Since trading fees are collected periodically, waiting a few hours after opening the position can give a clearer view of profitability as fees accumulate.

Are rewards auto compounded? Why is there a manual claim option for pending rewards?

Yes, rewards are auto compounded every two hours. If you do nothing, your rewards will continue to compound automatically. Manual claiming is just an additional feature.

Previously, there were cases where closing a position left some unclaimed rewards if the auto-compound had not triggered. To fix this, we now auto-claim rewards, ensuring that when you close, you receive everything owed to you.

However, you now have more flexibility:

  • You can manually compound at any time if you prefer.

  • If you want to claim rewards without compounding them, you can do that too.

  • You can even auto-convert claimed fees and rewards into a specific token of your choice.

My withdrawal transaction failed. What should I do?

Start by switching the aggregator, they are known to be unstable at times. If that doesn't help, try unchecking the "Convert rewards to" option, especially if you're withdrawing a small amount. If the issue persists, it may be due to a temporary RPC outage. In that case, just wait a bit and try again.

What are the liquidation margins for LP Vaults?

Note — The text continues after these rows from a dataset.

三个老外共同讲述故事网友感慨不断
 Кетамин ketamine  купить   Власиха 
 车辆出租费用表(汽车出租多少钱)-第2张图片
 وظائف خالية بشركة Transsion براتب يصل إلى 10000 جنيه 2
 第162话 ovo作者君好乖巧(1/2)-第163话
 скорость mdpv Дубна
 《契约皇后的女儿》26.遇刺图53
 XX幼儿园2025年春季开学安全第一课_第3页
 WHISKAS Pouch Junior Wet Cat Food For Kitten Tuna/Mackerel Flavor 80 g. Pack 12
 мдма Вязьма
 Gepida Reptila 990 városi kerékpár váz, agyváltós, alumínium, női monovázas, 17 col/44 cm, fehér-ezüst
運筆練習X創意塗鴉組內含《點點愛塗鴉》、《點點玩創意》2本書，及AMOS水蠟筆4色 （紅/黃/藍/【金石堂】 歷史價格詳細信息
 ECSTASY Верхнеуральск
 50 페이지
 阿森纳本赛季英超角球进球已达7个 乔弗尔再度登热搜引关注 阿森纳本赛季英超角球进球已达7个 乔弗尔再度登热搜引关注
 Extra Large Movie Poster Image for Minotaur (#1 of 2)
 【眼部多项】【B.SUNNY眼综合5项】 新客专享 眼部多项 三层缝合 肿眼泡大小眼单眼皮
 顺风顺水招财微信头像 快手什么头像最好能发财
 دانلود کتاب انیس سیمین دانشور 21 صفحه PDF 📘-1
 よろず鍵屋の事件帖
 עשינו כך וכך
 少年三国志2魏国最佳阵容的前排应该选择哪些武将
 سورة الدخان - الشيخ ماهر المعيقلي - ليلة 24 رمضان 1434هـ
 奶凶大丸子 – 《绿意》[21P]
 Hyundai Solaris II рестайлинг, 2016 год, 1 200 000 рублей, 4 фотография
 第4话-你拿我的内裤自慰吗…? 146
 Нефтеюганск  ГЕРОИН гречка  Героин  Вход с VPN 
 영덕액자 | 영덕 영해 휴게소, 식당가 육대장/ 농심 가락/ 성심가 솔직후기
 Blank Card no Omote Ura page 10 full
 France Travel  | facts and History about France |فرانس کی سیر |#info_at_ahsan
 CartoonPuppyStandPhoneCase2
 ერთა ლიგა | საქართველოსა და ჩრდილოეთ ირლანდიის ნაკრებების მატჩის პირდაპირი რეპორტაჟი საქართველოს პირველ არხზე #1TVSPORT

Kai Finance uses different liquidation thresholds depending on the pool type:

  • 1.06 for stable pairs

  • 1.31 for volatile pairs

If a position’s margin level falls below these values, it becomes eligible for liquidation.

General

How does the protocol generate revenue? Is it only from SAVs?

Yes, Kai Finance earns revenue solely from performance fees on Single Asset Vaults. There are no additional protocol fees on LP positions or borrowing.

Did you raise any funds or external investments?

No, Kai Finance is fully self-funded. We operate with minimal overhead, relying only on server costs and our own time. We don’t need external capital to build or sustain the project, and we have no plans to raise investments in the near future.

Do you have plans to launch a token?

We’ll start considering it once we reach $100M in TVL. If we do launch, it won’t be just another cash grab, any token would need to bring real utility and long-term value to the protocol.